Sensational claim council knew subbies not paid months ago
QUESTIONS about Gympie Regional Council's management of projects awarded to now-collapsed Ri-Con Contractors continue to swirl, with the council refuting claims it knew about the company's struggles as early as last August.
O'Brien Plumbing Gympie director Tim Bothams, who was owed more than $150,000 when Ri-Con fell over, claims the council was aware in August subcontractors on the Kilkivan Equestrian Centre were being left unpaid.
Another subcontractor, who worked on the equestrian centre and requested anonymity, claimed he spoke to the council about late payment and breach of contract on payment terms last August.
He said he was paid within 48 hours of raising his concerns with the council.
However, a council spokeswoman said the council first became aware of the problems on November 25, after which they "spoke to Ri-con regarding council's concerns of the impact this may have on local contractors".
In a letter sent to councillors and the council on February 4, Mr Bothams said a timeline of the events showed "hard questions need to be asked" about work on the $2 million equestrian centre and the $2.8 million Gympie Youth Precinct.
"The last eight months of dealing with Ri-Con … and Gympie Regional Council with these two projects have shed poor light on the workings of this council and the management of building projects," Mr Bothams said.
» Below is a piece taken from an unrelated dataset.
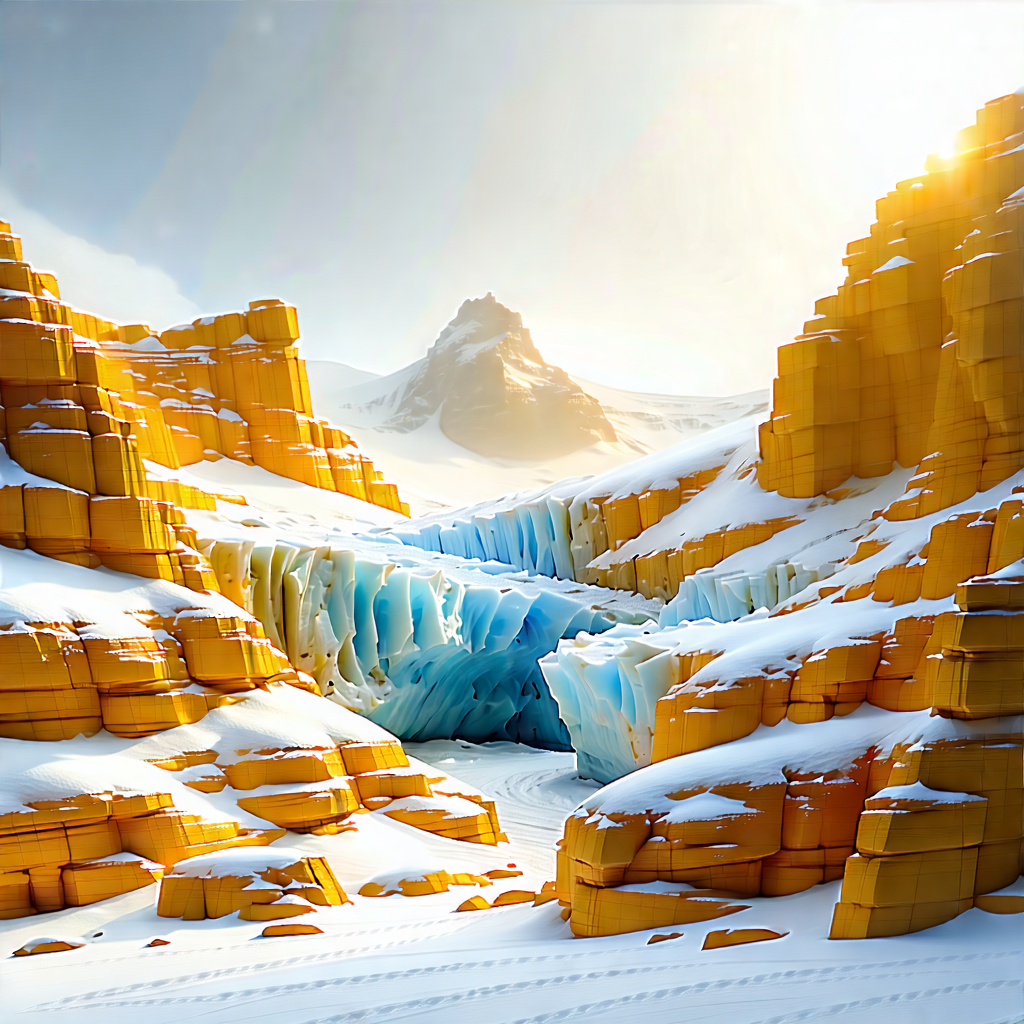 Nature Ink Drawing: Glacier In Winter Snow With Beautiful Landscape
He said Ri-Con, removed safety fencing and signage from the equestrian centre on September 6, and the company's project manager never returned to the site or answered calls.
From this point the council's project managers essentially took over the project until its December 12 completion, he claimed.
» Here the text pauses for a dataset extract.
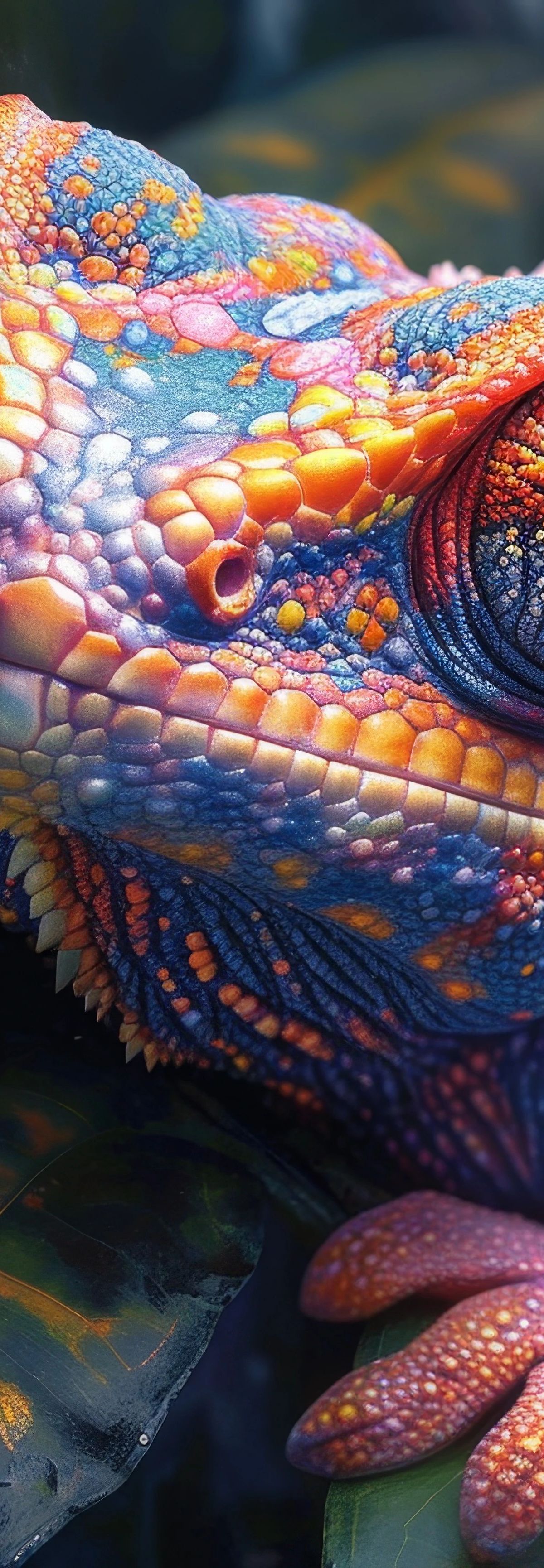 A highly detailed illustration of a colorful chameleon perched on a branch, featuring brilliant blues, oranges, reds, and yellows across its textured scales and body
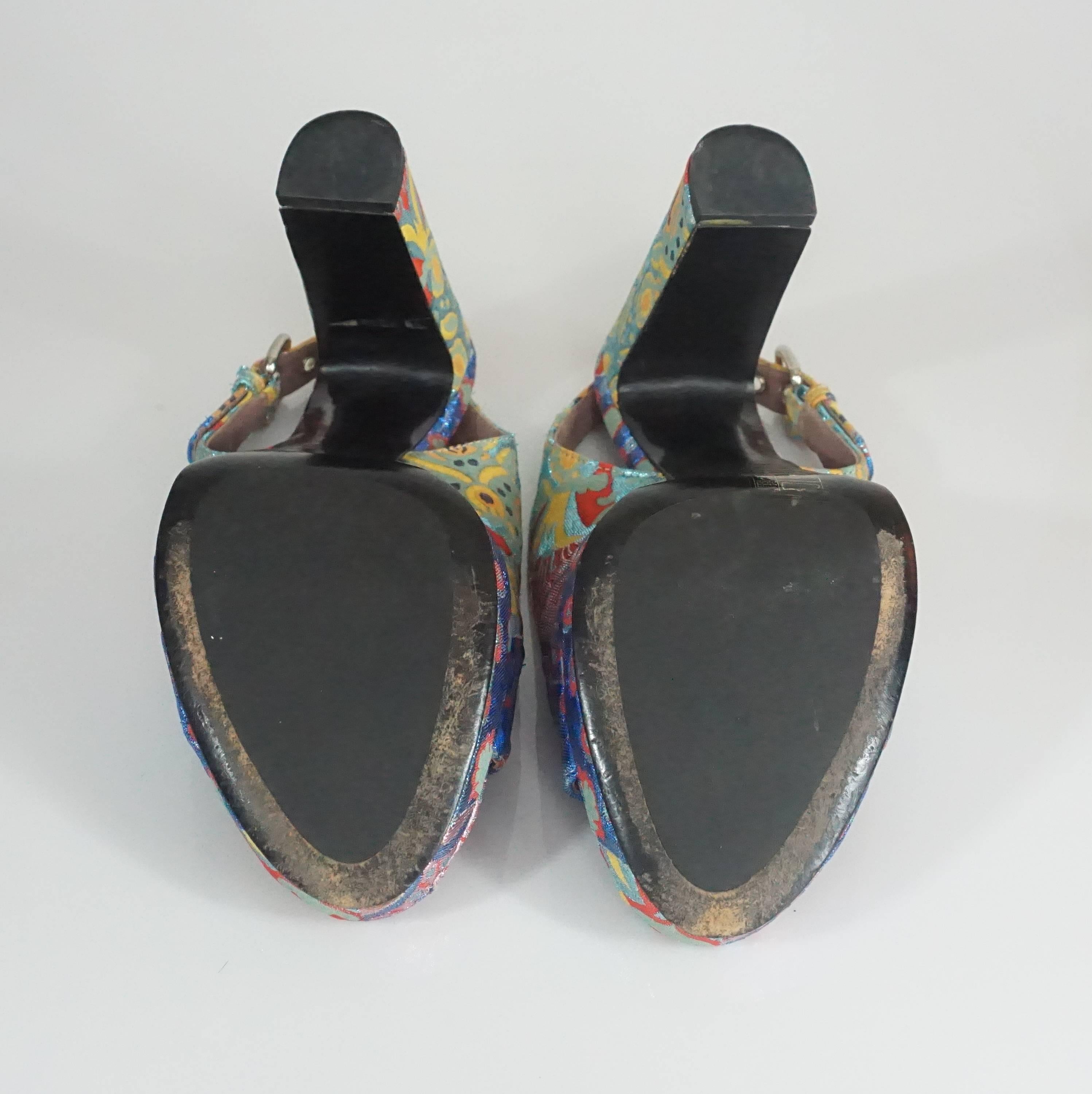 Donna Miu Miu - Slingback con punta aperta in broccato multicolore - 40,5 - SHW in vendita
He said he was told in early December Ri-Con had been paid in full by the council except for $30,000 in extras, despite the centre not yet having had its final building, fire and plumbing inspections.
Mr Bothams also asked why Ri-Con was paid for work on the youth precinct before these finals were issued for the site, too; the precinct still does not have its plumbing final issued.
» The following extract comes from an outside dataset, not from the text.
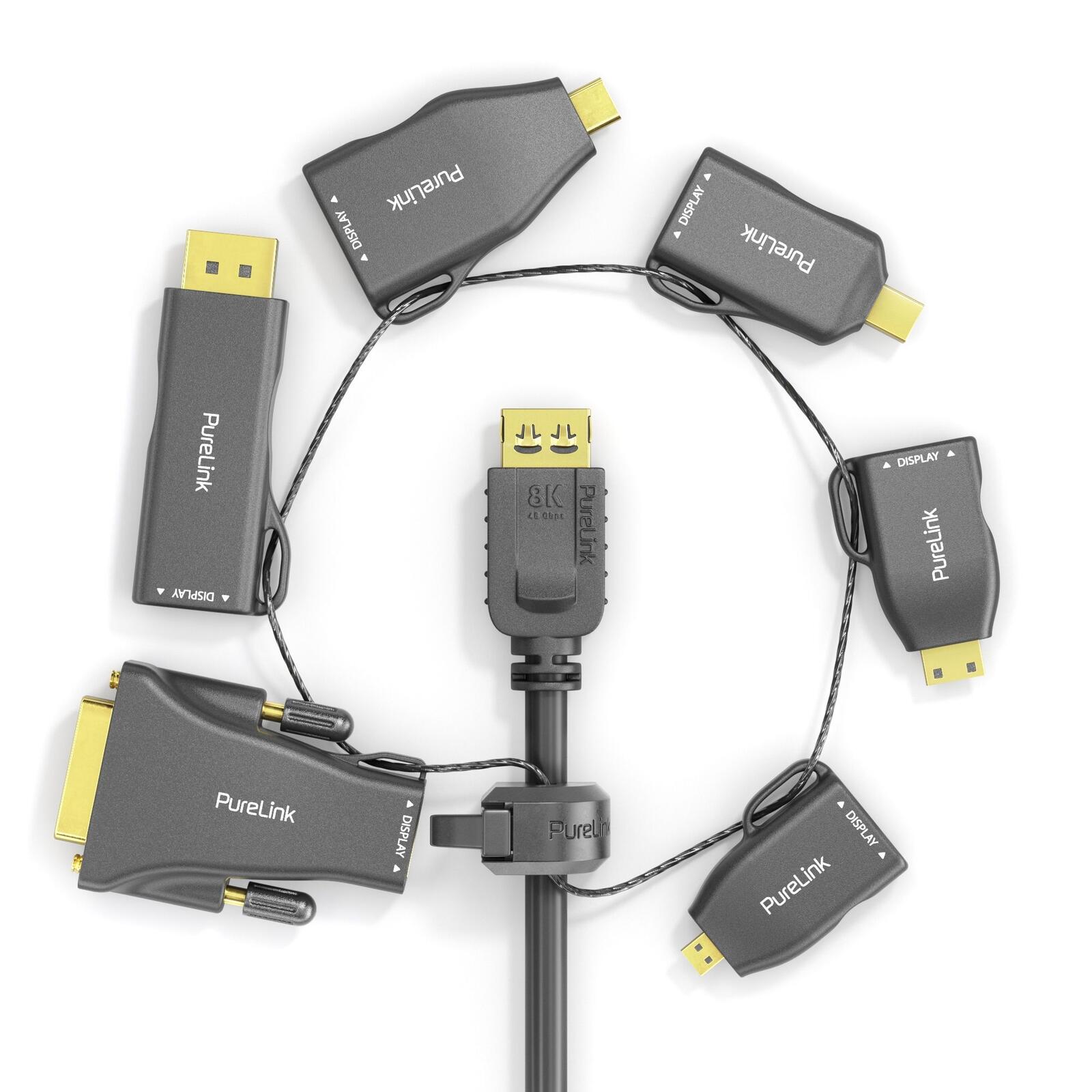 PureLink Adapter Ring Groß - 6x HDMI 4K60Hz - miniDP/DP/USB-C/Mini HDMI/Micro HDMI/DVI > HDMI, gold plated, schwarz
The council spokeswoman said Ri-Con "was paid for work delivered and completed as per the contract".
She said the council never took over the equestrian contract from Ri-Con.
"Although Ri-Con was not on-site full-time, they continued to oversee and deliver the remaining work, including some plumbing works.
"All projects are governed by theBuilding Industry Fairness Act, dovetailed with the Queensland Building and Construction Commission Act which legally requires council to make progressive payments within 15 business days of being served a payments claim."
This held for Ri-Con and its subcontractors, she said.
"Sub-contractors and sub-consultants have a formal process available under the QBCC where they can lodge a Notice of Claim if the contractor is late in paying.
"This provides council the legal authority to withhold money from the progress payment and pay those subcontractors and sub-consultants directly.
"Unfortunately, no subcontractor or sub-consultant took this course of action prior to Ri-Con being declared in liquidation."
She said the youth precinct had an interim certificate, and the council was reviewing its regulatory approval internal process, but "this is unrelated to the Ri-Con matter and is part of a continuous improvement program across council".
Gympie MP Tony Perrett has called for an investigation into any potential issues surrounding Ri-Con's collapse.
His request to Police Commissioner Katarina Carroll follows one from Kawana MP Jarrod Bleijie.
"Local contractors … have raised with me concerns about reports that Ri-Con had provided Gympie Regional Council with signed statements that they had been paid," Mr Perrett said.
"Builders are required to provide a signed statement that subcontractors had been paid before a client can release a progress payment."